### EXTRACTED ENTRIES

-- Opening Marker --

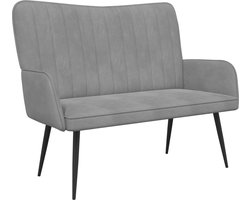 vidaXL - 2-Zits - Sofa - Lichtgrijs - 115 - x - 61 - x - 87 - cm - fluweel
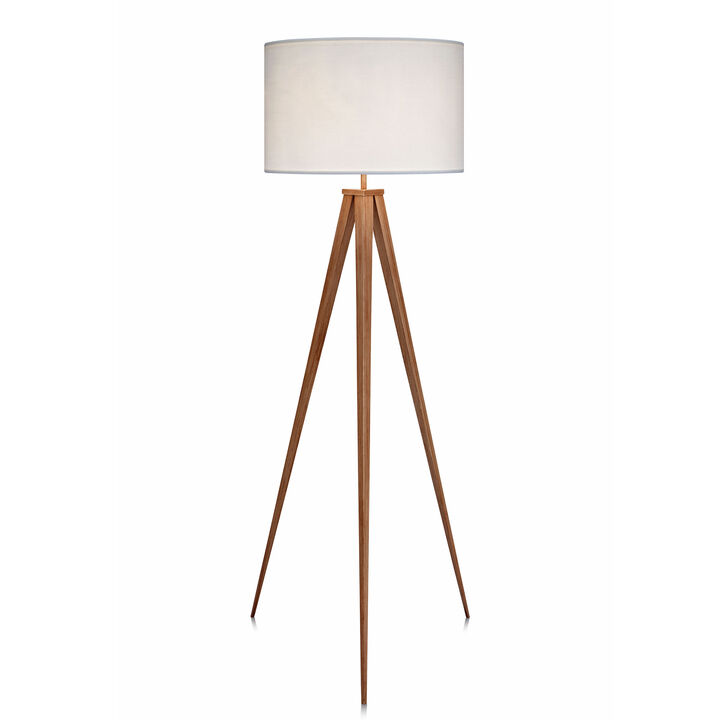 Teamson Home Romanza 61.81" Postmodern Tripod Floor Lamp with Drum Shade, Natural/White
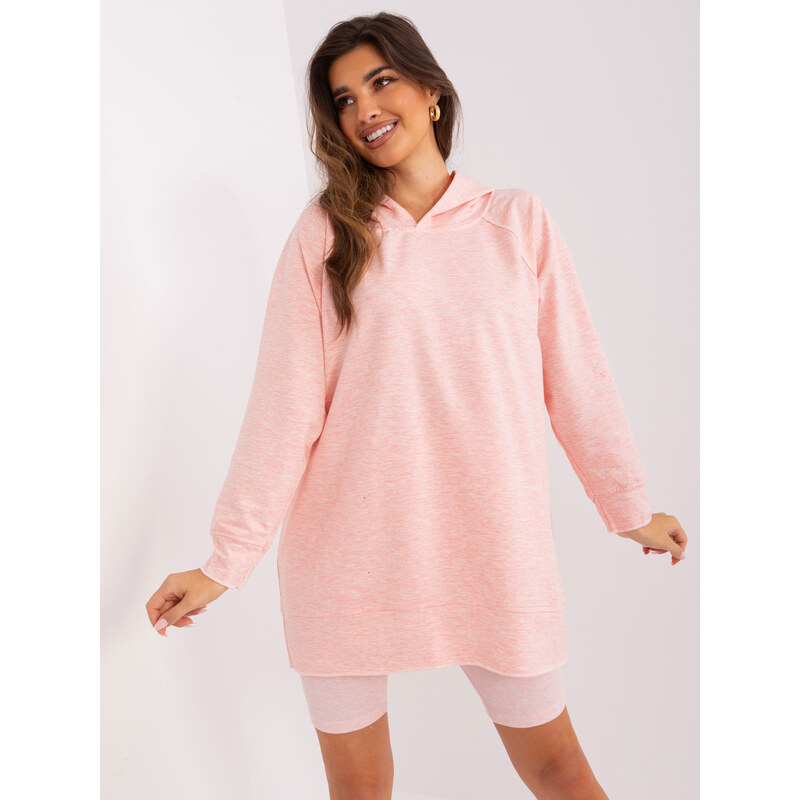 BASIC Svetloružový komplet cyklistických šortiek a mikiny EM-KMPL-829 46603180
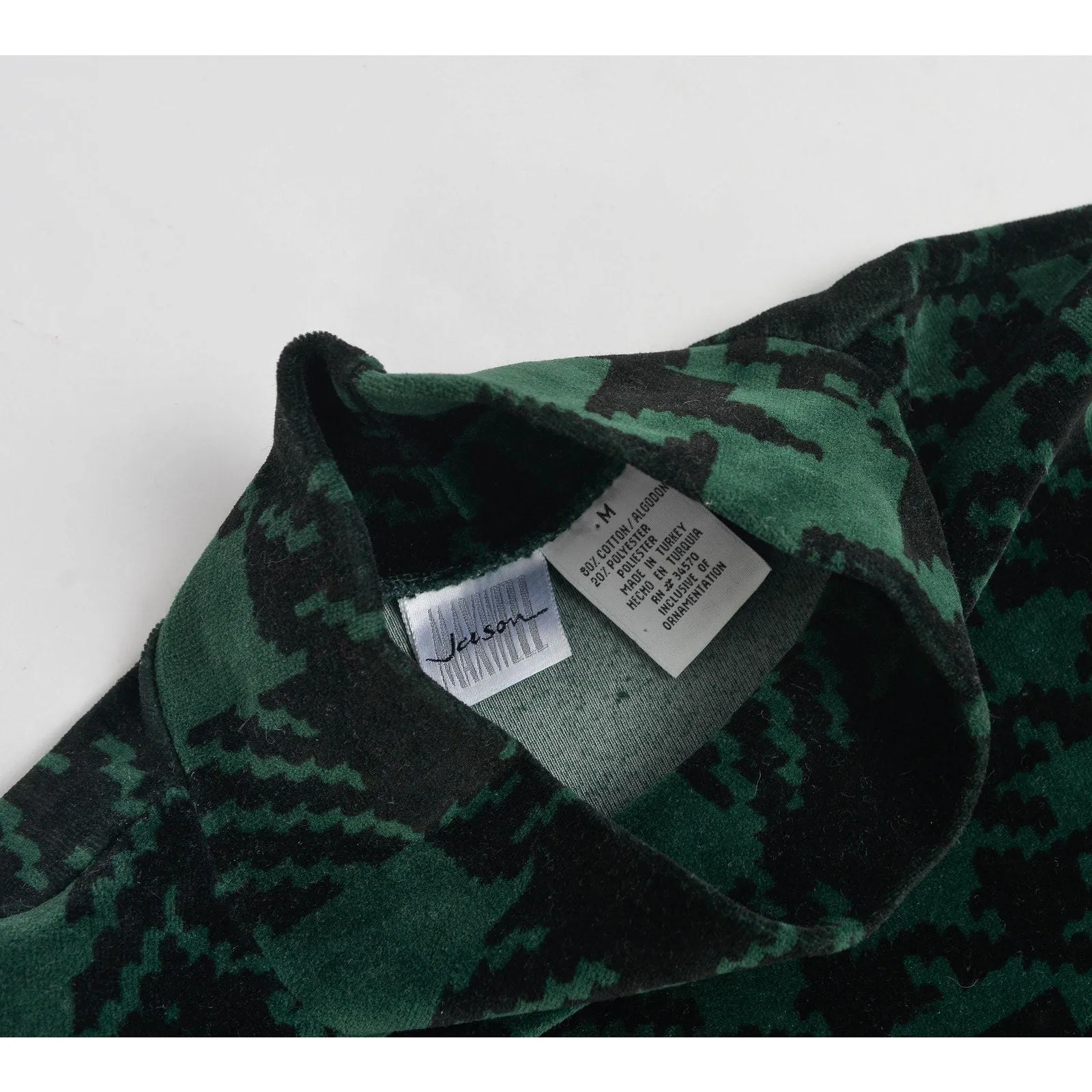 Vintage 90s Velour Plaid and Houndstooth Tunic Top Green and Black Mock Neck Stretchy Knit Shirt size M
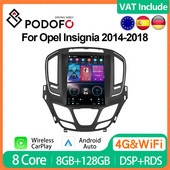 Podofo 8G+128G CarPlay pentru Opel Insignia 2014-2018 Android Auto Radio Player Multimedia 2din HiFi 4G Receptor Stereo AutoRadio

-- Closing Marker --

### ASSIGNMENT
Everything in the records must be returned exactly, except the pictures.

### RESPONSE TO THIS TASK
 vidaXL - 2-Zits - Sofa - Lichtgrijs - 115 - x - 61 - x - 87 - cm - fluweel
 Teamson Home Romanza 61.81" Postmodern Tripod Floor Lamp with Drum Shade, Natural/White
 BASIC Svetloružový komplet cyklistických šortiek a mikiny EM-KMPL-829 46603180
 Vintage 90s Velour Plaid and Houndstooth Tunic Top Green and Black Mock Neck Stretchy Knit Shirt size M
 Podofo 8G+128G CarPlay pentru Opel Insignia 2014-2018 Android Auto Radio Player Multimedia 2din HiFi 4G Receptor Stereo AutoRadio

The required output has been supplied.